Finding Self-Compassion: Thoughts From My Walks With Chopper

Posted by Susan Constan on 4/22/2020 8:00:00 AM


Self-Compassion Journal (PDF) | GoZen!As we get deeper into this new way of schooling from home or ‘continuous schooling’, I find many emotions that arise during the day.  The idea or strategy that continues to come back to me in my morning walks with Chopper that is crucial (especially now) is Self Compassion.  Sadness, fear, anxiety, grief, overwhelmedness, loneliness, controlling - these are but a few of the emotions we may all be feeling right now.  The first step when these ‘big emotions’ arise is to ‘name the feeling’ or “bow to the feeling”. Once we do this, the feeling will begin to soften.  The next step is to bring in a sense of compassion for yourself and for all the emotions that you and your family members may be feeling during this time of change and transition. 

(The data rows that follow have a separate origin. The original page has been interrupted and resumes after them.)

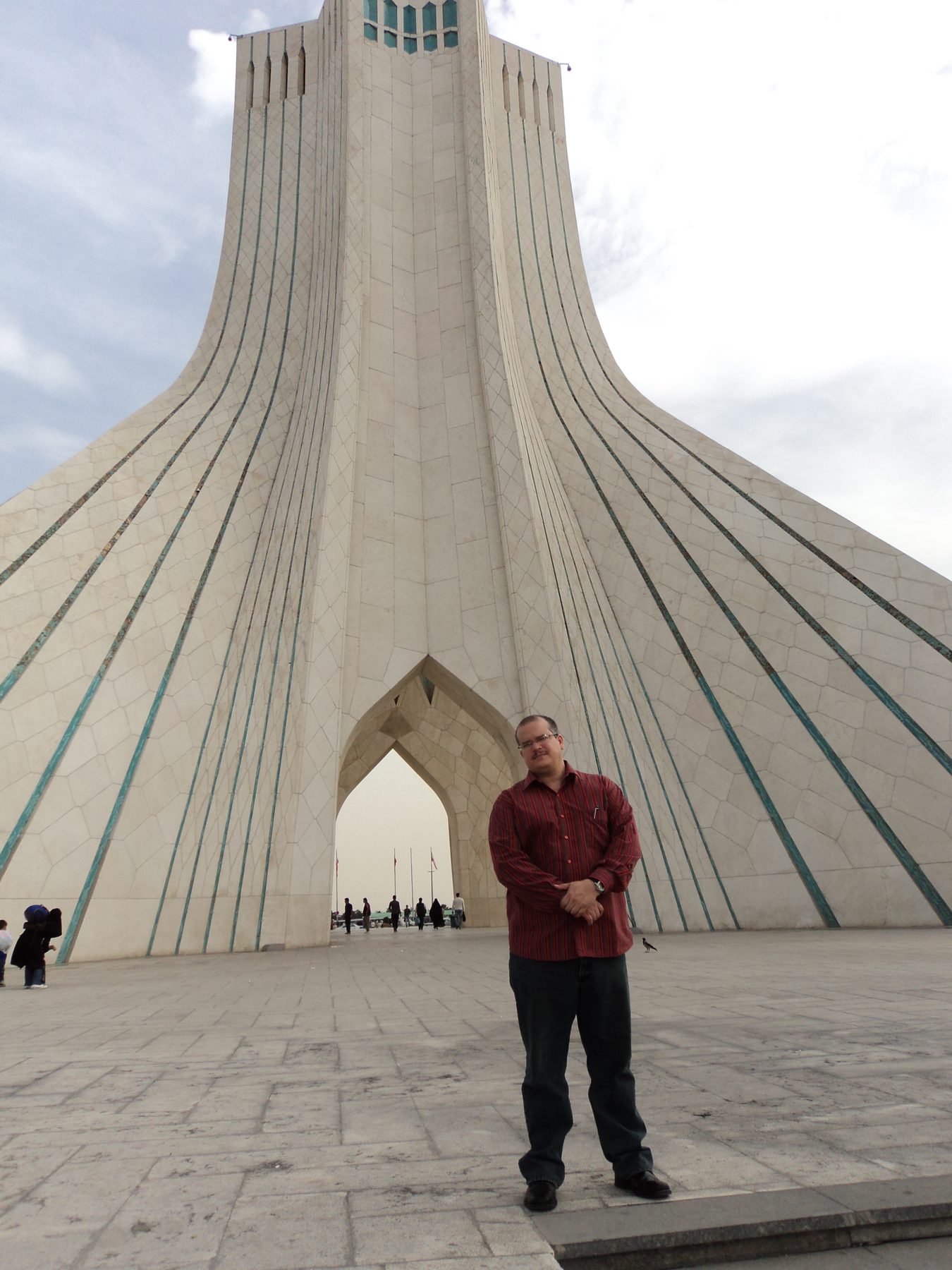 Fernando Báez in front of a modern monumental arch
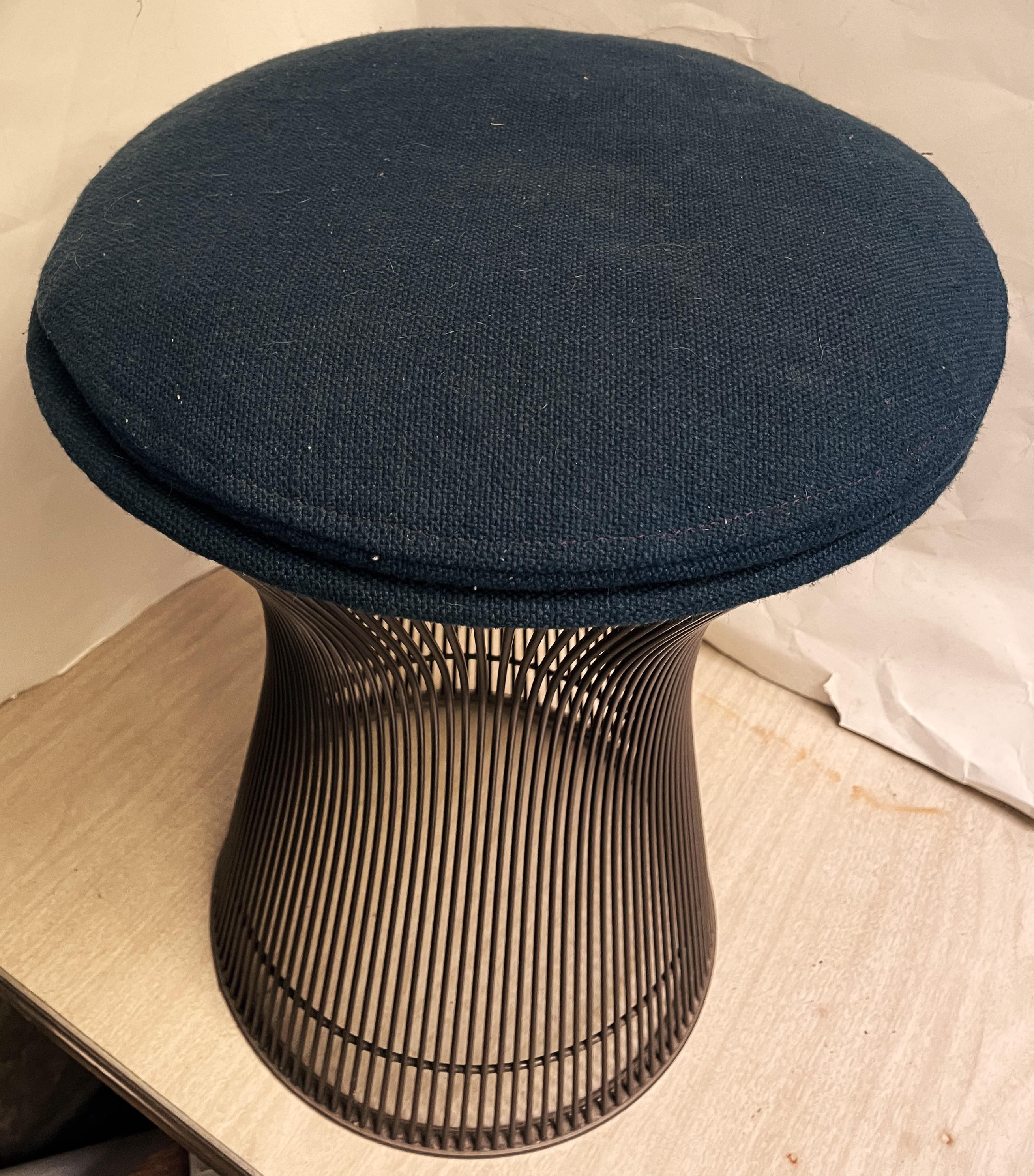 Se trata de un fabuloso taburete moderno original de mediados de siglo, diseñado por Warren Platner para Knoll International, Inc. Las varillas de alambre, sencillas y elegantes, crean un dibujo seductor, y la tela azul original es muy acertada.  La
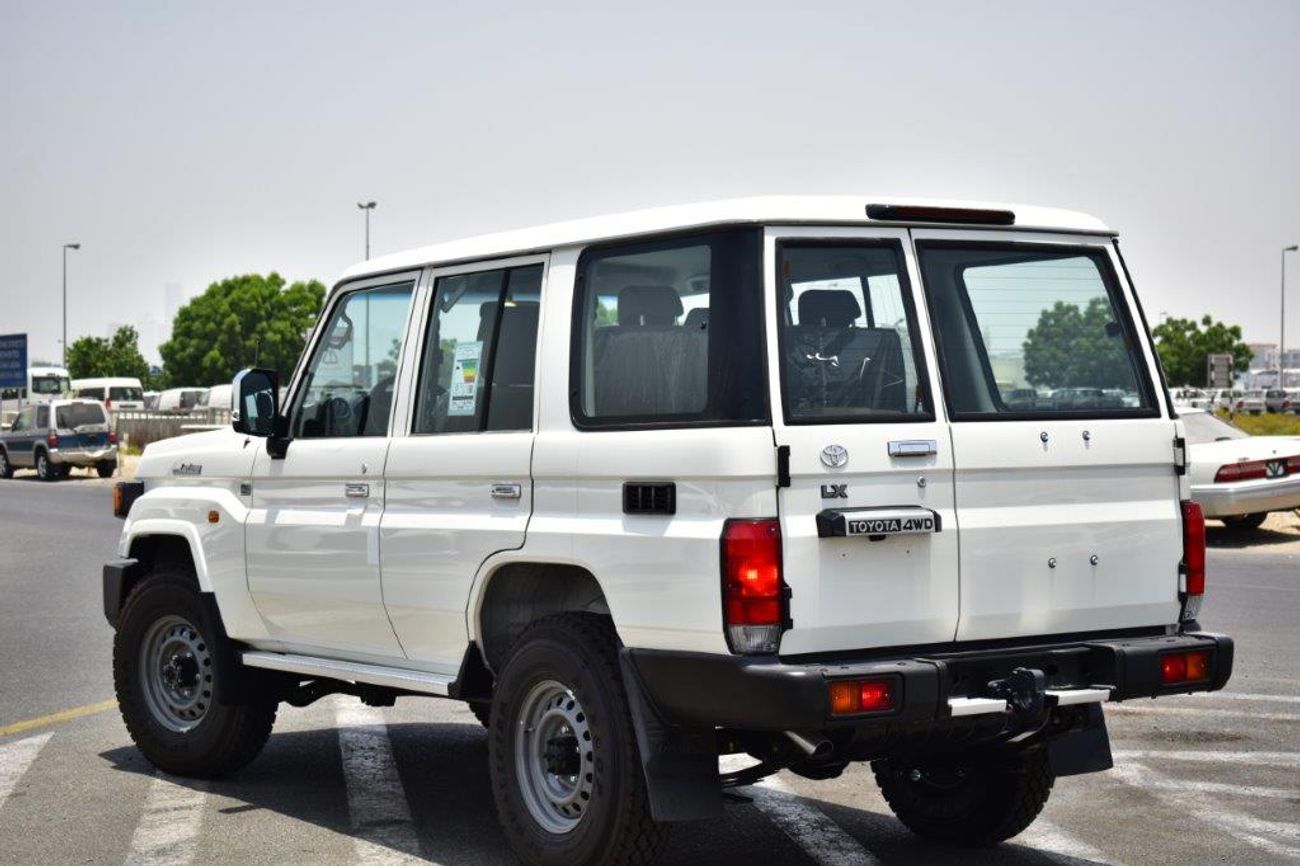 Toyota Land Cruiser 70 2025 MODEL TOYOTA LAND CRUISER 76 HARDTOP LX 2.8L DIESEL 4WD 5-SEATER MANUAL TRANSMISSION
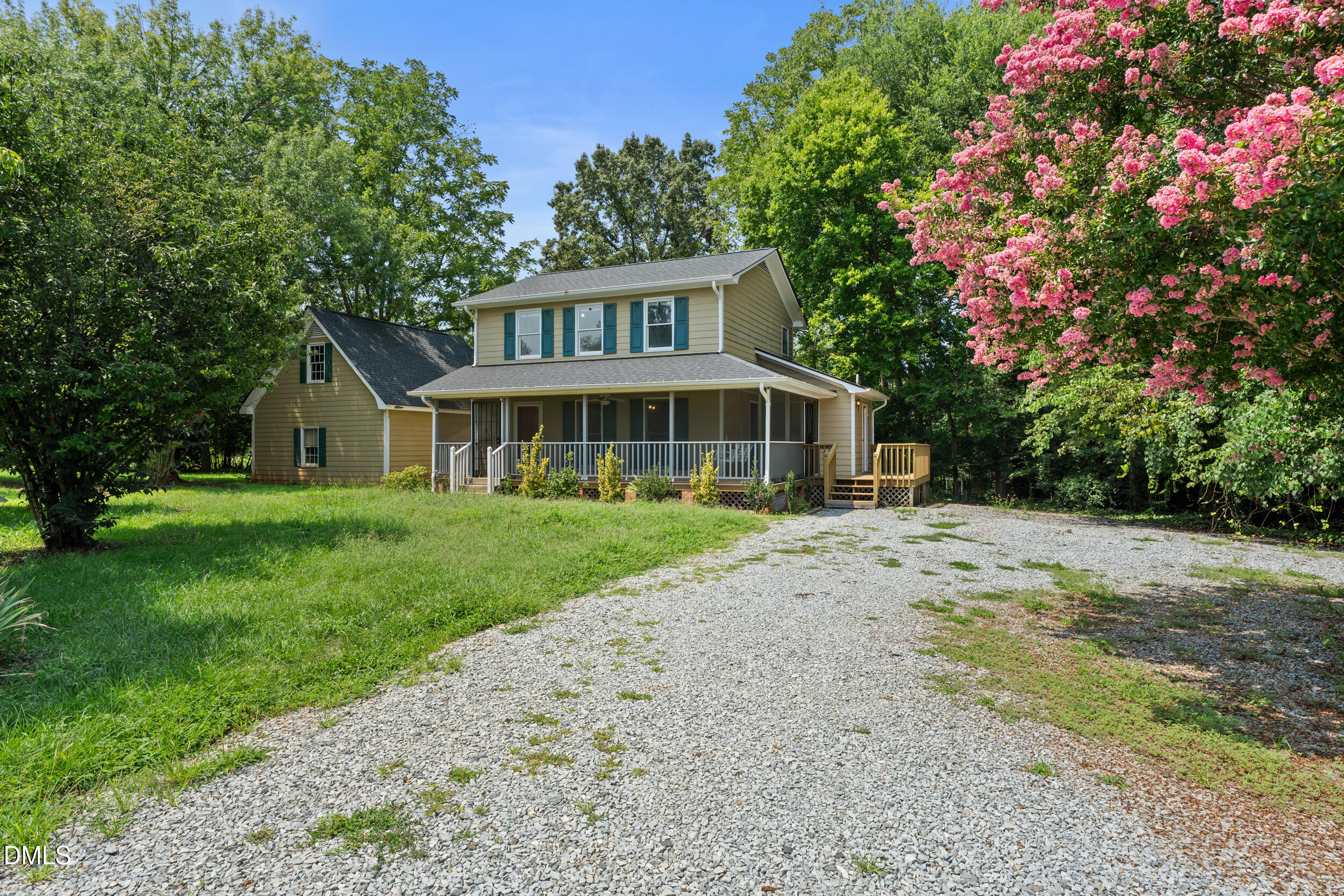 main property photo 40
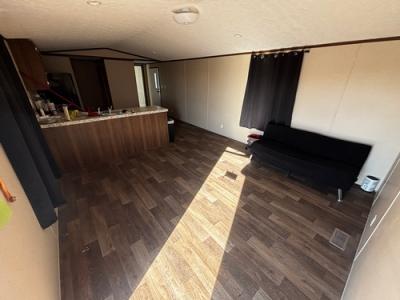 Photo 3 of 8 of home located at 13700 W County Road 172 Odessa, TX 79766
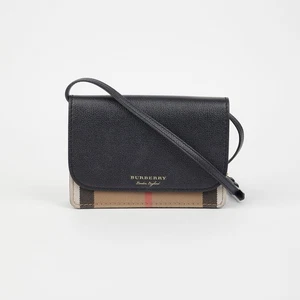 Burberry 80463161 New Hampshire Check Shoulder Crossbody Bag 140490963 - Picture 1 of 11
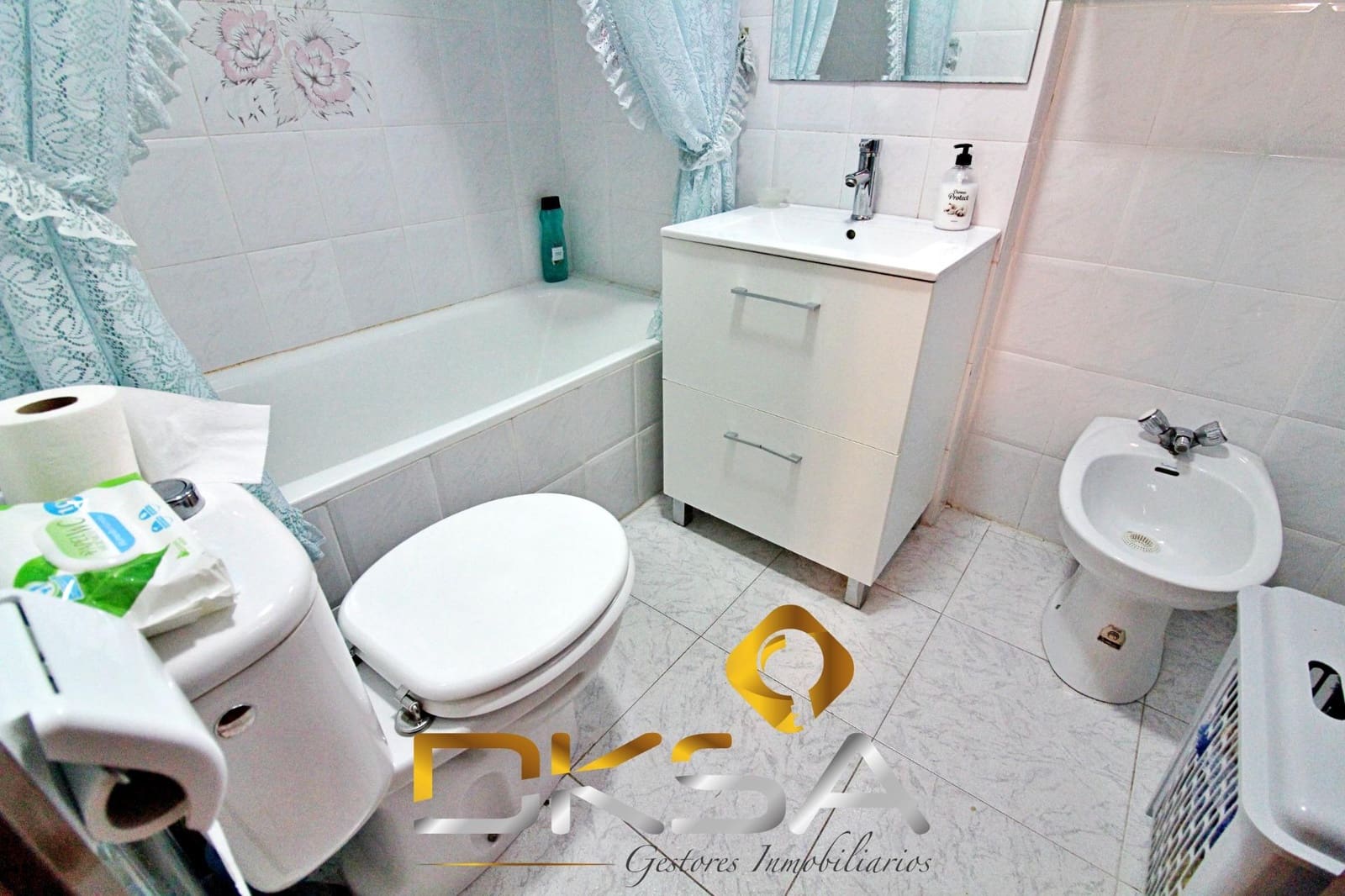 3 bedroom Flat for sale in Benicassim with pool - € 420,000 (Ref: 9805803)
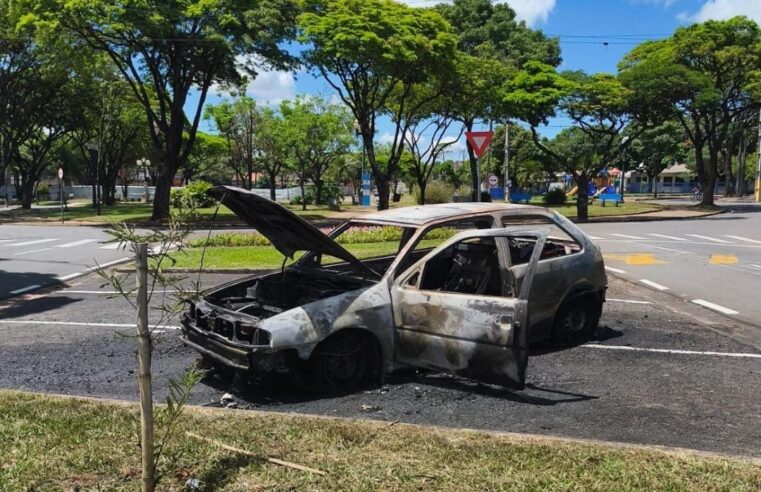 Homem ateia fogo no próprio carro em via pública na Vila Operária, em Cianorte (PR)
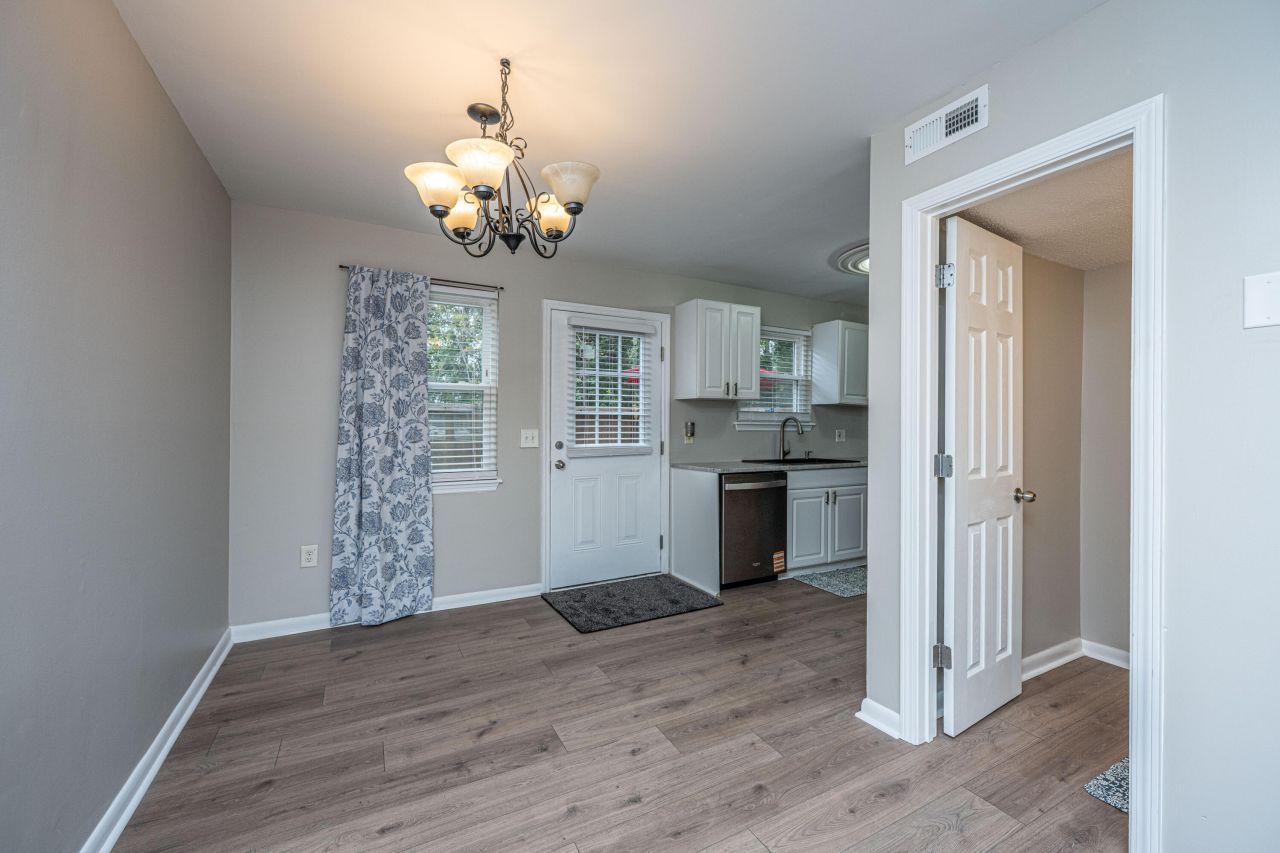 415 Parkdale Drive Photo 5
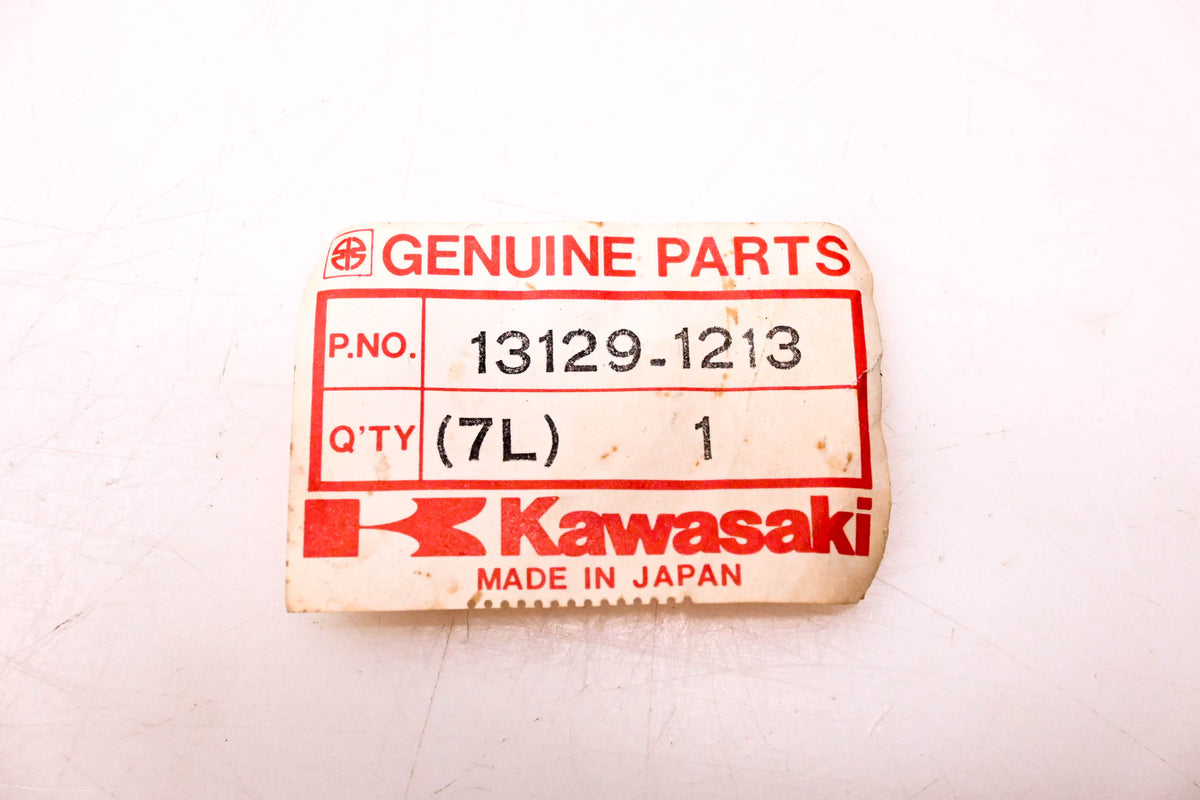 New OEM Kawasaki 13129-1213 Output Shaft Third Gear NOS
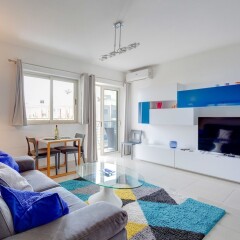 Апартаменты Centric and Spacious Apartment With Wifi and Balcony Гзира комната для гостей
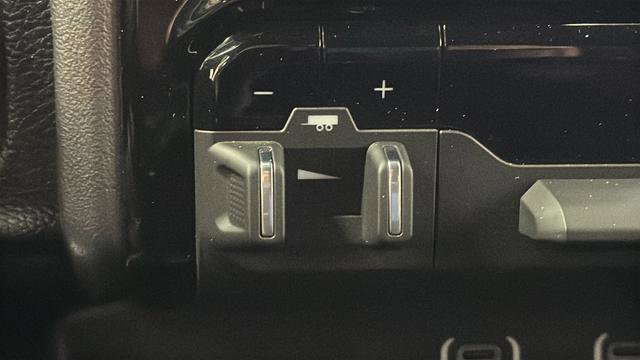 Used 2023 RAM 1500 Laramie image 40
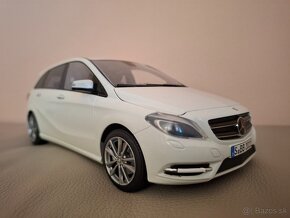 MERCEDES-BENZ ☆ B180 ☆ 1:18 ☆ Norev ☆ - 6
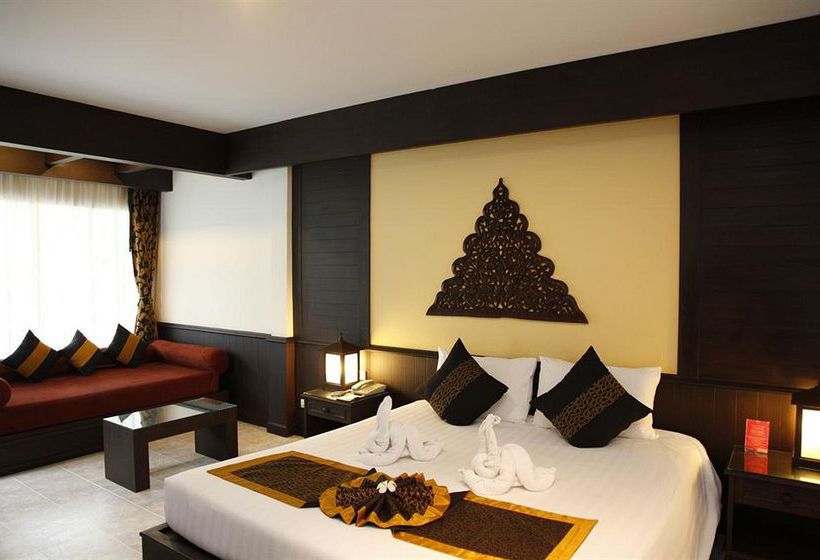 Banana Fan Sea Resort 8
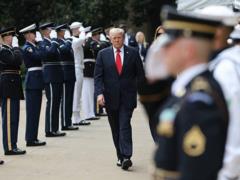 Трамп захотел присоединиться к срочному сбору генералов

Dr. Kristin Neff, who has made Self-Compassion her life’s work states there are three components to think about as we pursue self-compassion:

  • First, self-kindness: being warm and supportive—actively soothing ourselves—as opposed to being cold and judging toward ourselves.
  • Two, remembering that imperfection is part of the shared human experience—that you’re not alone in your suffering. When we remember this, you can actually feel more connected to other people in those moments.
  • The third component is mindfulness. Be mindful that you are struggling. Use self-talk: “Wait a second. This hurts. This is really hard. This is a moment where I need compassion.” Being aware of the emotions we are feeling and taking the time to acknowledge them is the next step toward self-compassion.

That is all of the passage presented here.